# Random Forests in `sklearn`


In [52]:
import time
import pandas as pd
from sklearn.datasets import fetch_20newsgroups
from sklearn.feature_extraction.text import TfidfVectorizer
from sklearn.tree import DecisionTreeClassifier
from sklearn.ensemble import RandomForestClassifier, AdaBoostClassifier
from sklearn.cross_validation import cross_val_score  # train_test_split, 
import seaborn
from matplotlib import pyplot as plt
%matplotlib inline

<hr>
## Exercise

- Have a look at the Kaggle competition [Titanic: Machine Learning from Disaster](https://www.kaggle.com/c/titanic/)
- Optionally, have a particular look at
  - their [Getting Started With Random Forests](https://www.kaggle.com/c/titanic/details/getting-started-with-random-forests) section
  - their [example in python](https://www.kaggle.com/c/titanic/download/myfirstforest.py) how to tackle this problem
- Download the trainig data [`train.csv`](https://www.kaggle.com/c/titanic/download/train.csv).

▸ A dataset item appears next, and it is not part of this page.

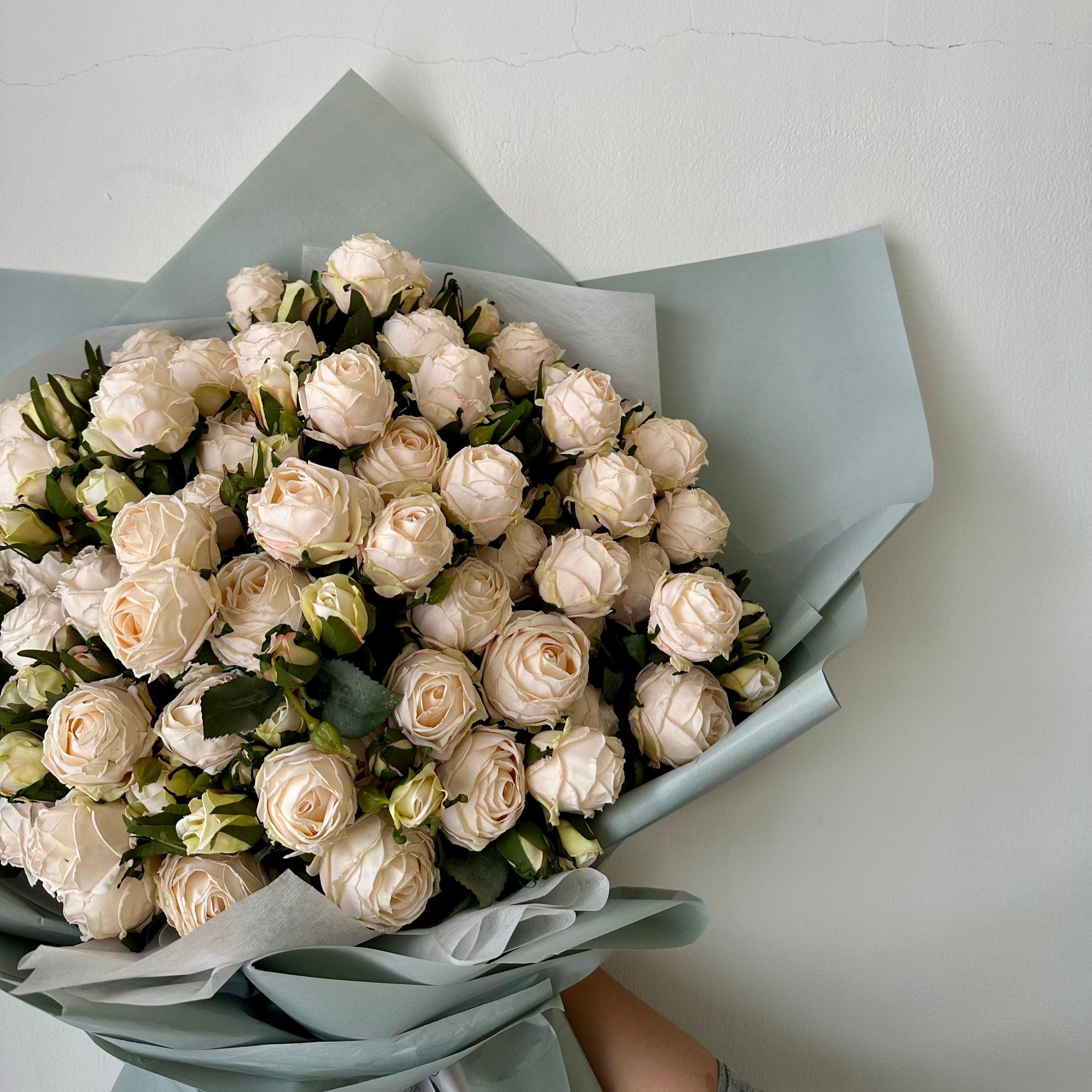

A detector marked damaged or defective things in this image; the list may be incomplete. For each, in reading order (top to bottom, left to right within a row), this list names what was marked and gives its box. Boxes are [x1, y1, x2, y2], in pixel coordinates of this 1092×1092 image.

crack in wall [2, 26, 1092, 89]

You might need to create a Kaggle account
- Create useful features by adding inferred columns to the dataset
- Convert the categorical values to numerical values. For random forests, you could simply replace them by integers (`1, 2, 3, ...`), but you can also use such tools as `patsy`, `CountVectorizer` or `TfidfVectorizer`, as we have used before
- Fit a random forest to your data and compute your cross-validated accuracy
- Improve your model by playing around with the features
- If you feel lucky, you can make a submission – don't worry, your scores will be removed after a few months

In [3]:
data = pd.read_csv("/Users/ruben/Downloads/train.csv")
data.head(2)

Unnamed: 0,PassengerId,Survived,Pclass,Name,Sex,Age,SibSp,Parch,Ticket,Fare,Cabin,Embarked
0,1,0,3,"Braund, Mr. Owen Harris",male,22,1,0,A/5 21171,7.25,,S
1,2,1,1,"Cumings, Mrs. John Bradley (Florence Briggs Th...",female,38,1,0,PC 17599,71.2833,C85,C


In [32]:
features = ['Pclass', 'Name', 'Sex', 'Age', 'SibSp', 'Parch', 
            'Ticket', 'Fare', 'Cabin', 'Embarked']
X = data[features]
y = data.Survived

In [38]:
from patsy import dmatrix
X = dmatrix(" + ".join(features), data=data.fillna(0), return_type='dataframe')

In [47]:
model = RandomForestClassifier(n_estimators=20)
model.fit(X, y).score(X, y)

0.99214365881032551

In [48]:
cross_val_score(model, X, y)

array([ 0.73737374,  0.82491582,  0.81818182])

In [51]:
cross_val_score(model, X, y, scoring="roc_auc")

array([ 0.82010354,  0.86834915,  0.89059055])